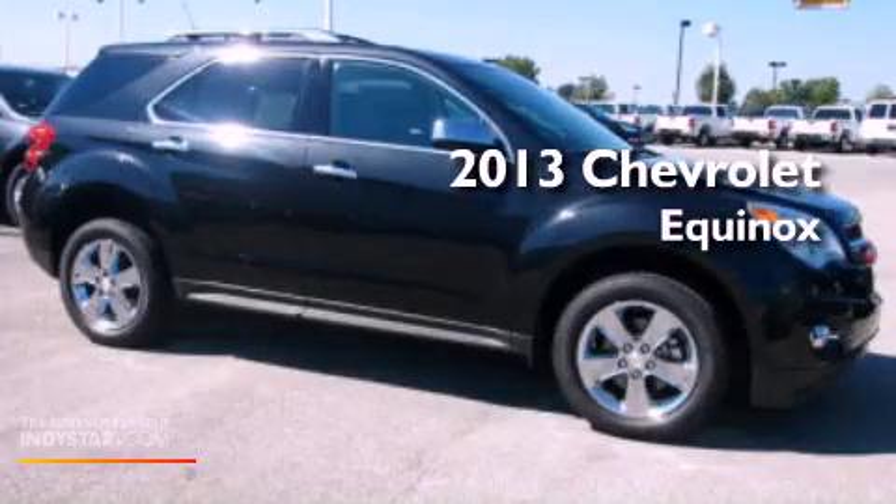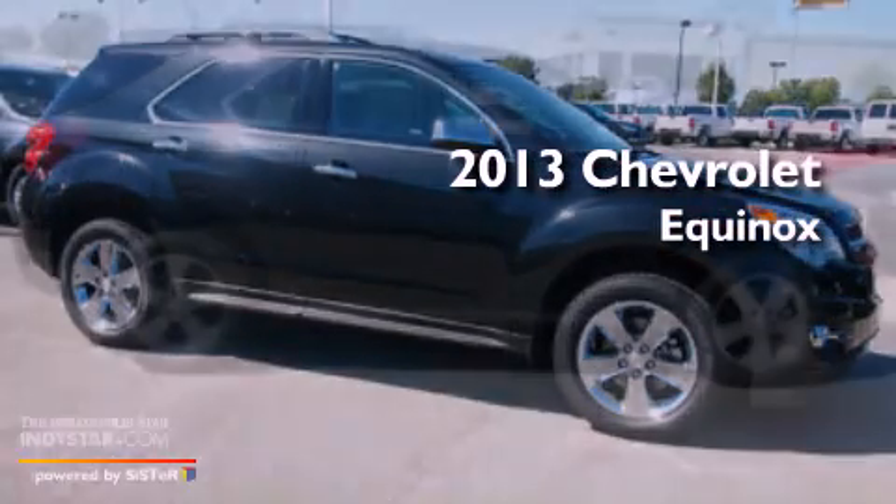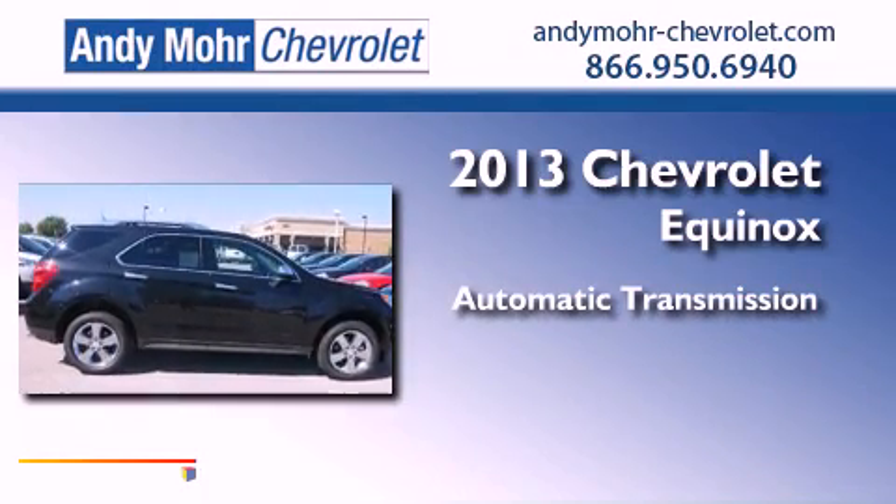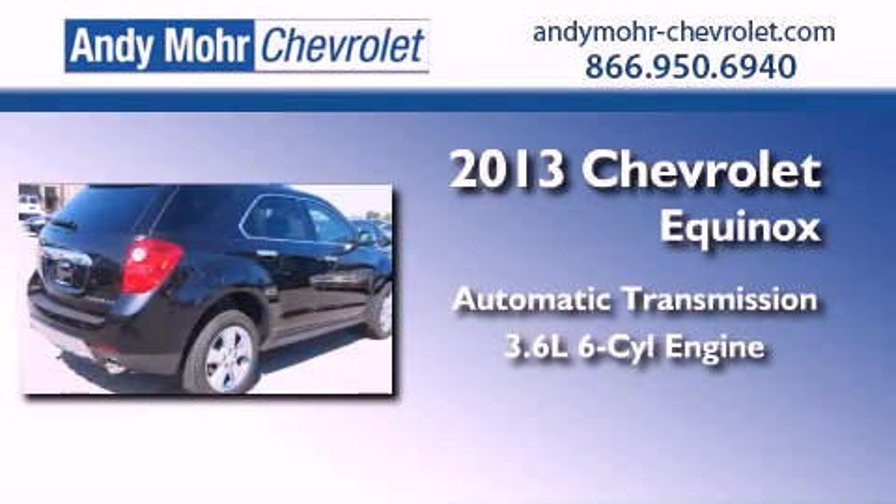This is a brand new 2013 Chevrolet Equinox. This crossover has an automatic transmission and a 3.6 liter V6.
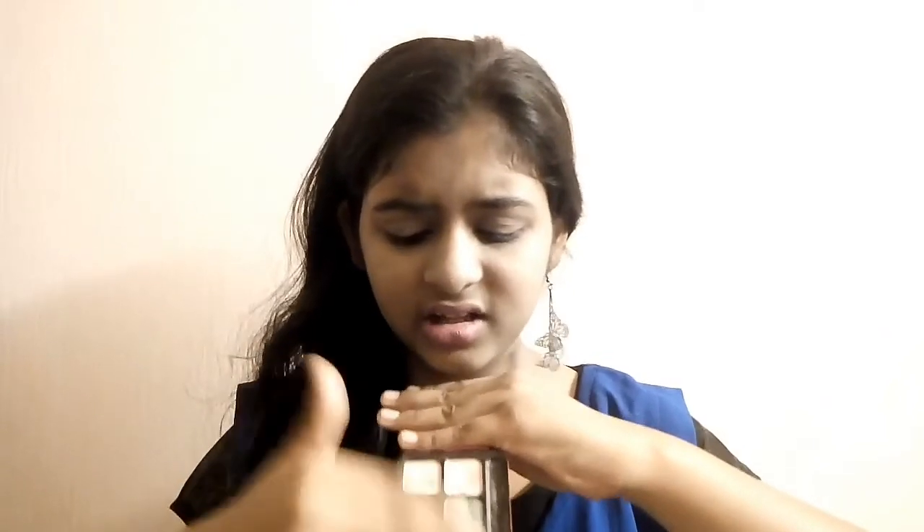Now another product from MAC - this is an eyeshadow palette named something like 'Six Classic Eyes.' I'll mention the exact name and a website link with pricing in the description box below. It contains a mirror and a brush. I use the brown color from this palette and I think I used it in one of my tutorials.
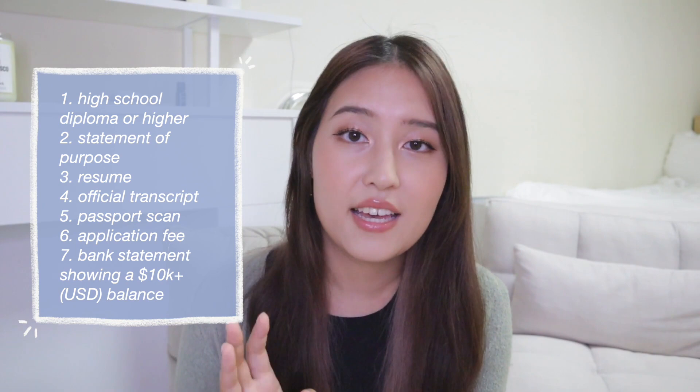I know for some of you $10,000 is a lot of money — it's a lot of money even for me. I worked a year in corporate finance and I make money off social media, so I had saved up a lot beforehand. If you're a student without access to that kind of money by yourself, you are able to show your parents' bank account if necessary. There's more information on the website, so I'll have a link below so you can get it directly from the source.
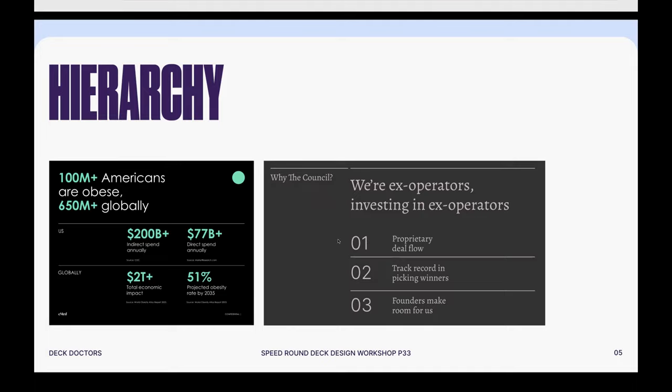Very clear step one, step two, step three. The grid and how it's organized allows the reader to start here and read down. It's very inherent in how we used space and copy to create that hierarchy and reading order. Just really thinking about the order that your viewer will read your deck.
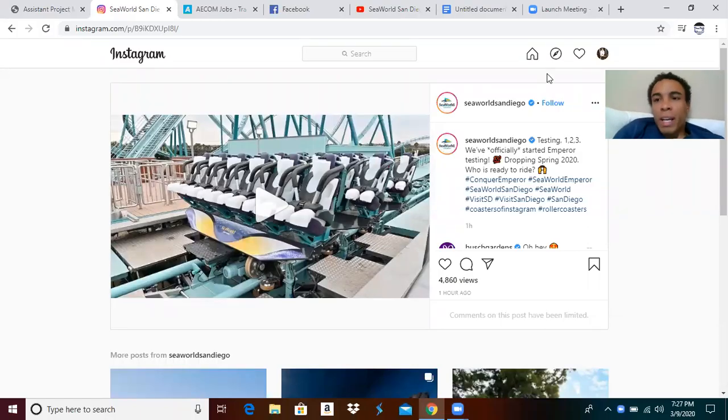Hello! Welcome back to Theme Park Wizard! Just an hour or so ago, SeaWorld announced and released a video on Instagram, which I'm about to share right now — Emperor is now testing on track for the spring opening, so let's go check it out!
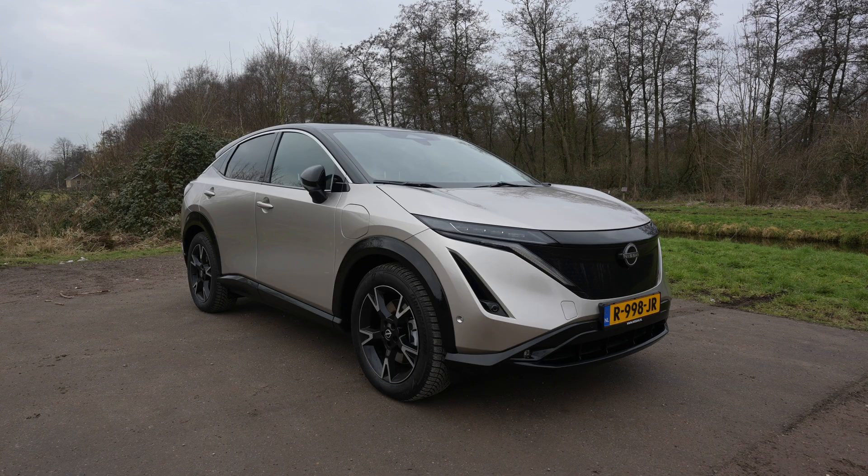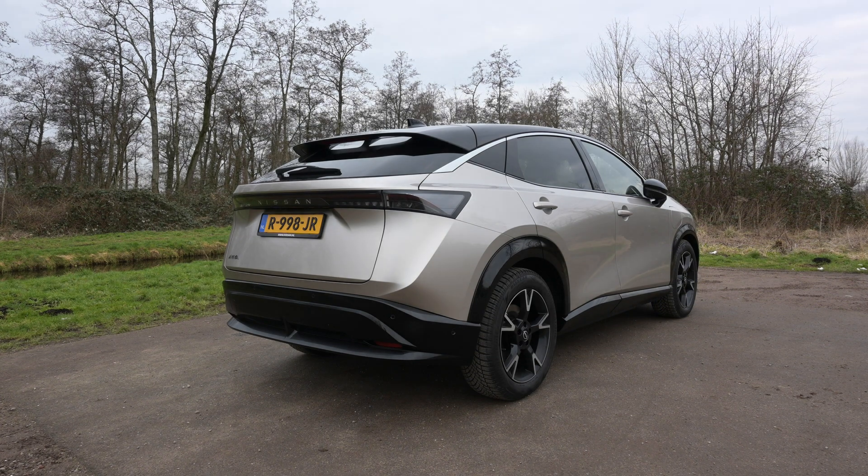Anyway, it is time for another range test, and this time I brought the Nissan Ariya. It is the first electric Nissan after the Leaf, so it is kind of a big deal. This Nissan Ariya has the bigger battery pack — 83 kilowatt-hours, liquid-cooled. Yes, Leaf owners, liquid-cooled — Nissan does that now.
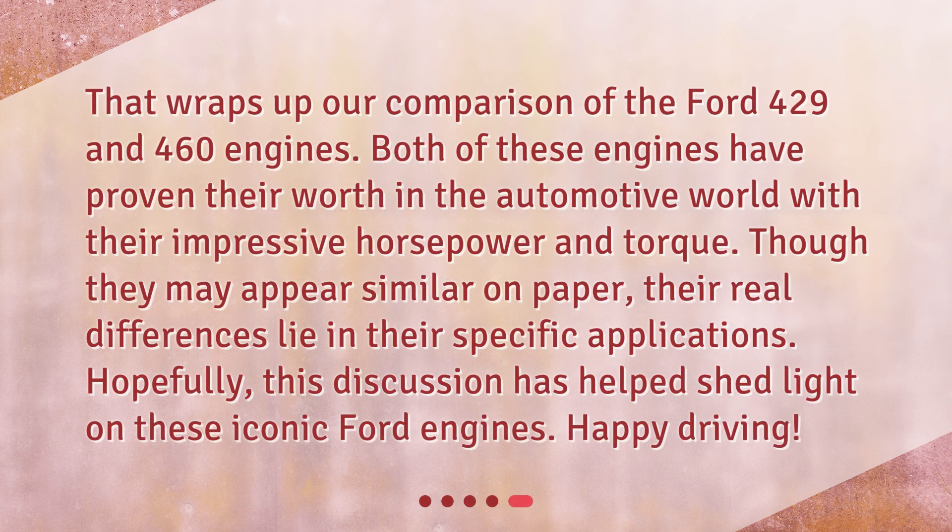That wraps up our comparison of the Ford 429 and 460 engines. Both of these engines have proven their worth in the automotive world with their impressive horsepower and torque. Though they may appear similar on paper, their real differences lie in their specific applications. Hopefully, this discussion has helped shed light on these iconic Ford engines. Happy driving!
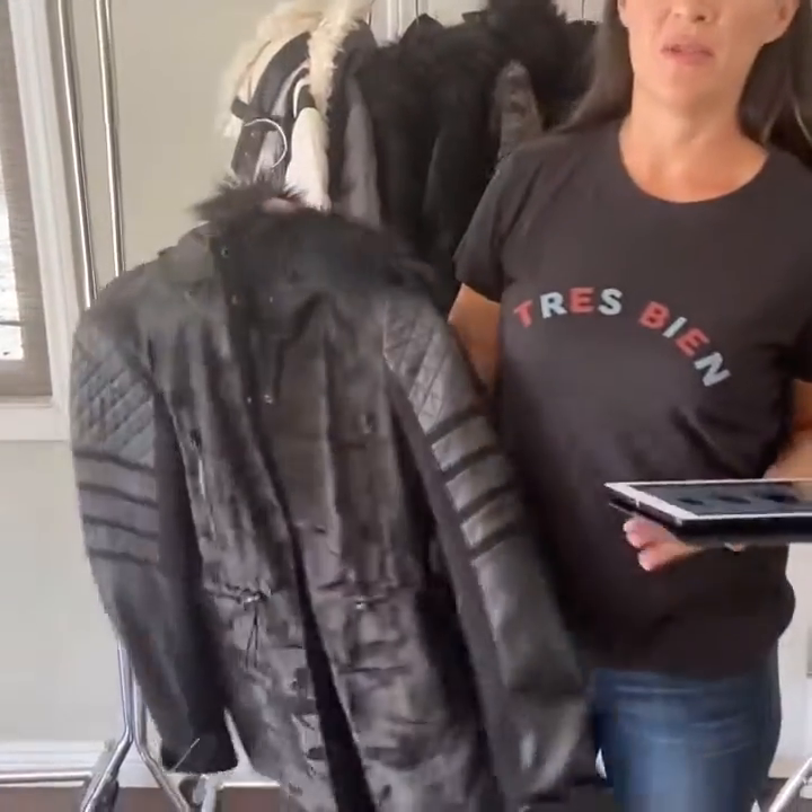Hi guys, Michelle here. We're working on Blanc Noir Fall 2 Delivery. It's an 830 start, perfect for September — you can push them out to October. They're a little bit heavier jackets than the first core delivery.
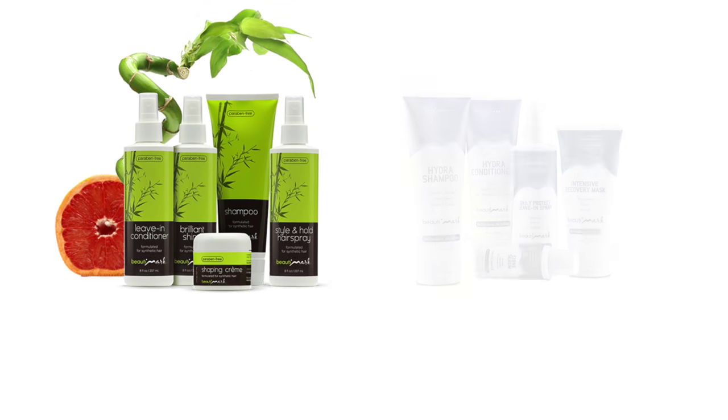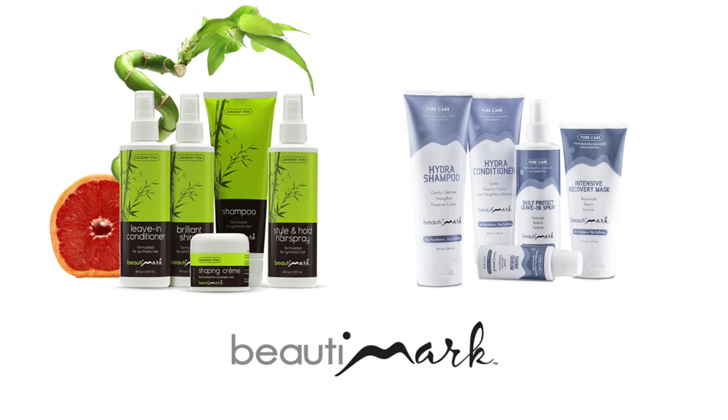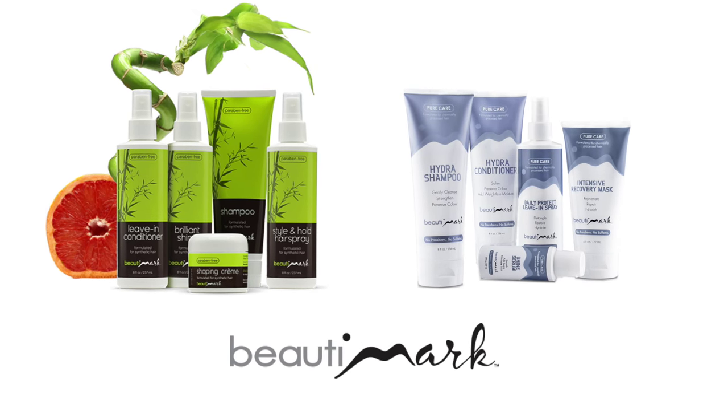To get the most out of your hairstyles, we recommend Beautymark Care products, available for both human hair and synthetic fiber.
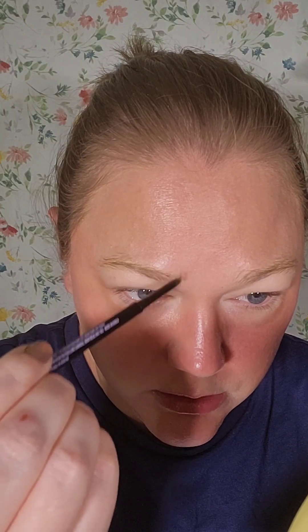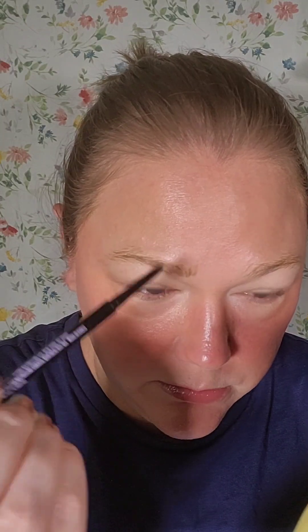For my eyebrows, I have other brow pencils but I need to sharpen them, so I've been using the same two. I'm going to use the CoverGirl one — the newer one I bought is much too dark for me so I need to go in very light-handed. I might use an eyebrow brush to work through it.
^^^^^^^^
Task item.
Starting at the line that contains "To get the most", output every line through the end of the data, both ends included, and nothing else; pictures stay out.

Reply.
To get the most out of your hairstyles, we recommend Beautymark Care products, available for both human hair and synthetic fiber.
For my eyebrows, I have other brow pencils but I need to sharpen them, so I've been using the same two. I'm going to use the CoverGirl one — the newer one I bought is much too dark for me so I need to go in very light-handed. I might use an eyebrow brush to work through it.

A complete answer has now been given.